## Work to complete
Word for word, set down the lines from the one that contains "OoO - June 2019-1008" through the final line of the data; no pictures belong in the copy.
--- Provided records ---
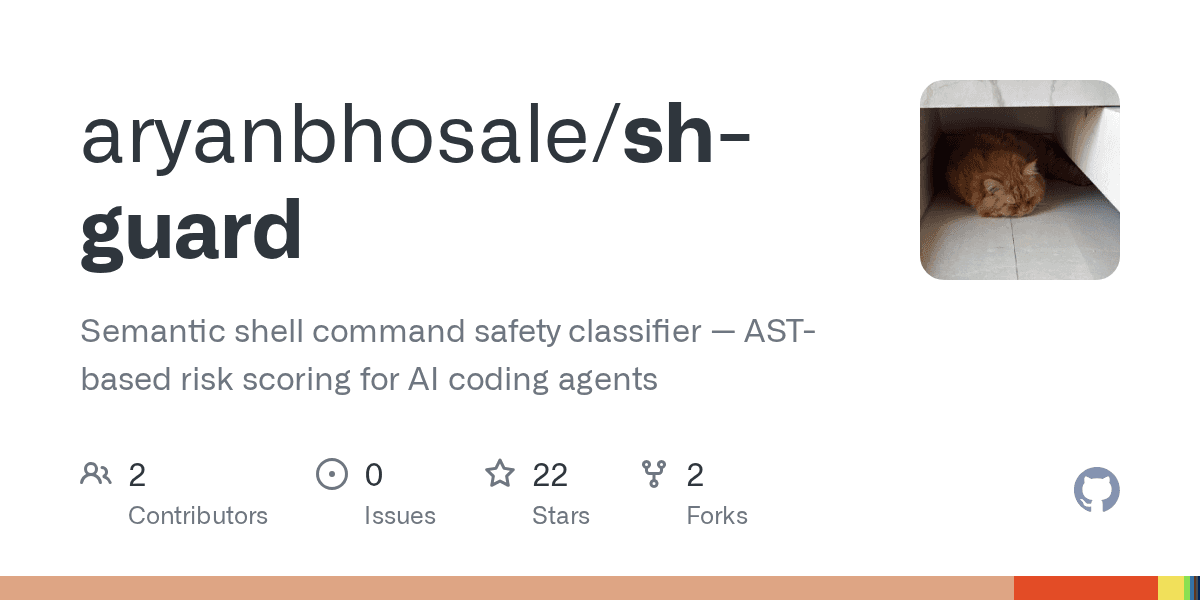 aryanbhosale/sh-guard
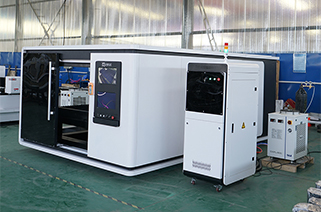 5e9e8e7b74afb 5e9e8e7b74afb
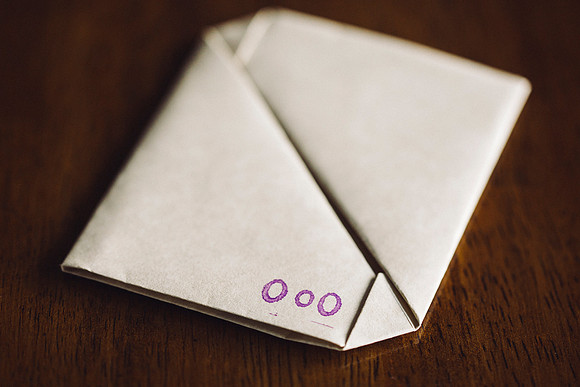 OoO - June 2019-1008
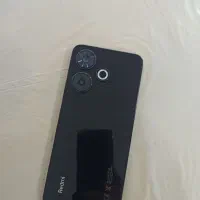 گوشی شیائومی ردمی ۱۳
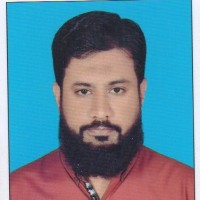 Muhammad Adeel Ijaz Bhatti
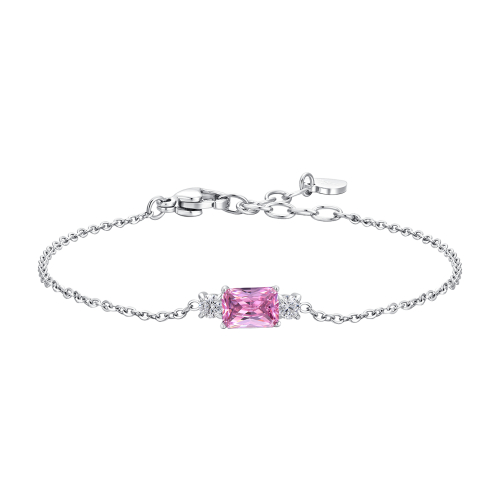 Luca Barra Damenarmband BK2811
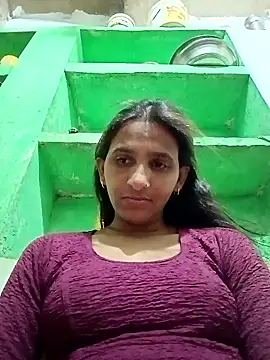 Baby  Shreya online show from June 2026 10:00:01 PM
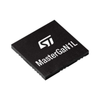 Full, Half-Bridge (H Bridge) Drivers - 497-MASTERGAN1L-ND - DigiKey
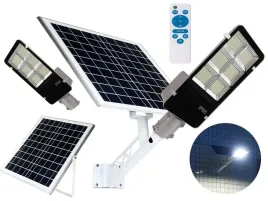 solarna-lampa-uliczna-led-200w-jd-6200pir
---
## Output below
 OoO - June 2019-1008
 گوشی شیائومی ردمی ۱۳
 Muhammad Adeel Ijaz Bhatti
 Luca Barra Damenarmband BK2811
 Baby  Shreya online show from June 2026 10:00:01 PM
 Full, Half-Bridge (H Bridge) Drivers - 497-MASTERGAN1L-ND - DigiKey
 solarna-lampa-uliczna-led-200w-jd-6200pir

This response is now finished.